Dr. Anthony Fauci has said India’s homegrown Covid-19 vaccine, Covaxin, has been found to neutralize the B1.617 variant, first identified in the South Asian nation.
“This (B1.617 variant) is something where we’re still gaining data on a daily basis but the most recent data, was looking at convalescent sera of Covid-19 cases and people who received the vaccine used in India, the Covaxin. It was found to neutralize the 617 variants,” Fauci, director of the National Institutes of Allergy and Infectious Diseases, said during a virtual press briefing by the White House Covid-19 Response Team on Tuesday.
Referring to it as the “troublesome India 617,” he added, “despite the real difficulty that we’re seeing in India, vaccination could be a very, very important antidote against this.”
Covaxin is 78% effective against coronavirus, according to the data released on April 21 by Bharat Biotech, the company that developed the drug jointly with the government-run Indian Council of Medical Research (ICMR). The efficacy against severe Covid-19 was 100%, with an impact on reduction in hospitalizations, according to the release.
The vaccine’s clinical trial involved 25,800 participants ages 18 to 98. The efficacy figure is based on an early analysis of 43 Covid-19 cases. Thirty-six cases occurred in participants who got a placebo, compared to seven participants who got the vaccine, according to a news release issued in March
About the vaccine: Covaxin is a two-dose vaccine. It is the first Covid-19 vaccine that has been developed in its entirety in India. In March 2020, following the successful sequencing of the novel coronavirus, the ICMR established a public-private partnership with Bharat Biotech to develop the virus isolate into a vaccine candidate.
At a webinar on April 23, India’s top epidemiological experts acknowledged that correlations exist between the rising prevalence of the B1.617 variant and the recent surge in cases in the country.
“In Maharashtra, we saw it (the variant first identified in India) go up we saw an outbreak, we are seeing it go up in Delhi, we are seeing an outbreak, these are very important epidemiological correlations,” said Anurag Agrawal, director of the Institute of Genomics and Integrative Biology. According to Agrawal, the B1.617 variant was first found in India in December.
Another expert said the surge in the national capital region of Delhi is due to the prevalence of variants, including both the B.1.1.7, which was first identified in the United Kingdom, and B1.617 variant.

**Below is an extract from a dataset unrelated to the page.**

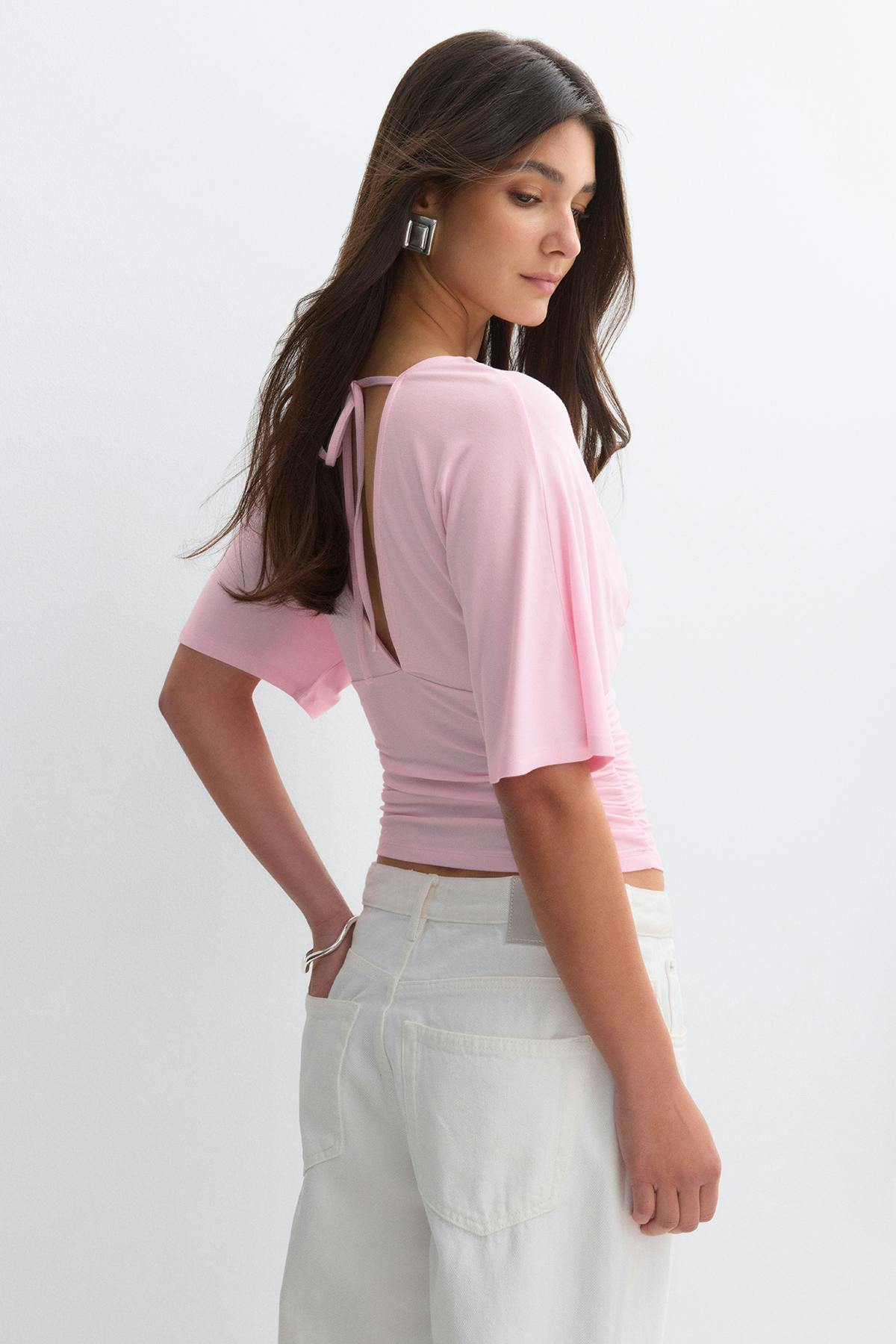 Shaped v-neck top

“We have seen a rise from 28 percent of mutated variants in second week of March…to 50 percent in the last week of March…the surge which we are observing in Delhi, I think it directly correlates with the type of variants which we are observing,” according to Sujeet Singh, director of the National Center for Disease Control.
India reported 360,960 new cases of coronavirus on Wednesday, a global record in the number of new cases reported in a day, according to a CNN tally of figures from the Indian Ministry of Health.
The total number of cases now stands at 17,997,267, including 201,187 deaths.